Task statement
Hand back the entries below exactly.

Records from a collection
● ● ● ●

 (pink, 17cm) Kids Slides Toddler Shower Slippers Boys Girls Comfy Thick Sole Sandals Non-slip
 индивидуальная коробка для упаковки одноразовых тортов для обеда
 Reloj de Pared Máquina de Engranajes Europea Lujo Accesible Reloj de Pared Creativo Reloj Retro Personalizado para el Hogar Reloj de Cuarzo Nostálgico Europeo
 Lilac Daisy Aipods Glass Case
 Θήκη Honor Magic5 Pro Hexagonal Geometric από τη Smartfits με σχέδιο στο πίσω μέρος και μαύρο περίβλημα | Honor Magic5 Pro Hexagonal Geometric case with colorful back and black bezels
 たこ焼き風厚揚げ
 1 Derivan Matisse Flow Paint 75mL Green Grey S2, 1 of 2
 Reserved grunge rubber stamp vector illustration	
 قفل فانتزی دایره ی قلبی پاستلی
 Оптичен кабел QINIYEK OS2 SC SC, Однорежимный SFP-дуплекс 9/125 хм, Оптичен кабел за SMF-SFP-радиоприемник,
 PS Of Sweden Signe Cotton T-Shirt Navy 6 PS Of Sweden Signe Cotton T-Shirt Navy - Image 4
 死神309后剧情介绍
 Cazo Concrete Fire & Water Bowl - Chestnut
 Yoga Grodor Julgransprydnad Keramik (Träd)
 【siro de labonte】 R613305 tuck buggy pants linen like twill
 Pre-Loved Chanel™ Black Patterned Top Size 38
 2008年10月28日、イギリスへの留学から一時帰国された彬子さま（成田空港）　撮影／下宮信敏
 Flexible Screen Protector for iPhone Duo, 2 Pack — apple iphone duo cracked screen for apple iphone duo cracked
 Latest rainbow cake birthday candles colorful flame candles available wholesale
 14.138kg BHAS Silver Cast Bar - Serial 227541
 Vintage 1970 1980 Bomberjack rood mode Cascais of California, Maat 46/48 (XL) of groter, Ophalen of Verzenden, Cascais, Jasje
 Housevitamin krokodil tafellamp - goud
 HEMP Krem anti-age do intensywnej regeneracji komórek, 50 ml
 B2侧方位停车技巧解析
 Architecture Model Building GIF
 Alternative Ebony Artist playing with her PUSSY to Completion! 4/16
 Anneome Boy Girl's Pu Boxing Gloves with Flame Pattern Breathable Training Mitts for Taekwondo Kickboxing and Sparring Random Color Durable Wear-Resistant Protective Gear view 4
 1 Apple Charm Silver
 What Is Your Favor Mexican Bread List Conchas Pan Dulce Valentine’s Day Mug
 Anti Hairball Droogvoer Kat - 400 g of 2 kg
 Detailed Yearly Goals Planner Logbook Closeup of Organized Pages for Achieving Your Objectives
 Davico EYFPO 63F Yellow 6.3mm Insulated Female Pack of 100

● ● ● ●

Exercise output
 (pink, 17cm) Kids Slides Toddler Shower Slippers Boys Girls Comfy Thick Sole Sandals Non-slip
 индивидуальная коробка для упаковки одноразовых тортов для обеда
 Reloj de Pared Máquina de Engranajes Europea Lujo Accesible Reloj de Pared Creativo Reloj Retro Personalizado para el Hogar Reloj de Cuarzo Nostálgico Europeo
 Lilac Daisy Aipods Glass Case
 Θήκη Honor Magic5 Pro Hexagonal Geometric από τη Smartfits με σχέδιο στο πίσω μέρος και μαύρο περίβλημα | Honor Magic5 Pro Hexagonal Geometric case with colorful back and black bezels
 たこ焼き風厚揚げ
 1 Derivan Matisse Flow Paint 75mL Green Grey S2, 1 of 2
 Reserved grunge rubber stamp vector illustration	
 قفل فانتزی دایره ی قلبی پاستلی
 Оптичен кабел QINIYEK OS2 SC SC, Однорежимный SFP-дуплекс 9/125 хм, Оптичен кабел за SMF-SFP-радиоприемник,
 PS Of Sweden Signe Cotton T-Shirt Navy 6 PS Of Sweden Signe Cotton T-Shirt Navy - Image 4
 死神309后剧情介绍
 Cazo Concrete Fire & Water Bowl - Chestnut
 Yoga Grodor Julgransprydnad Keramik (Träd)
 【siro de labonte】 R613305 tuck buggy pants linen like twill
 Pre-Loved Chanel™ Black Patterned Top Size 38
 2008年10月28日、イギリスへの留学から一時帰国された彬子さま（成田空港）　撮影／下宮信敏
 Flexible Screen Protector for iPhone Duo, 2 Pack — apple iphone duo cracked screen for apple iphone duo cracked
 Latest rainbow cake birthday candles colorful flame candles available wholesale
 14.138kg BHAS Silver Cast Bar - Serial 227541
 Vintage 1970 1980 Bomberjack rood mode Cascais of California, Maat 46/48 (XL) of groter, Ophalen of Verzenden, Cascais, Jasje
 Housevitamin krokodil tafellamp - goud
 HEMP Krem anti-age do intensywnej regeneracji komórek, 50 ml
 B2侧方位停车技巧解析
 Architecture Model Building GIF
 Alternative Ebony Artist playing with her PUSSY to Completion! 4/16
 Anneome Boy Girl's Pu Boxing Gloves with Flame Pattern Breathable Training Mitts for Taekwondo Kickboxing and Sparring Random Color Durable Wear-Resistant Protective Gear view 4
 1 Apple Charm Silver
 What Is Your Favor Mexican Bread List Conchas Pan Dulce Valentine’s Day Mug
 Anti Hairball Droogvoer Kat - 400 g of 2 kg
 Detailed Yearly Goals Planner Logbook Closeup of Organized Pages for Achieving Your Objectives
 Davico EYFPO 63F Yellow 6.3mm Insulated Female Pack of 100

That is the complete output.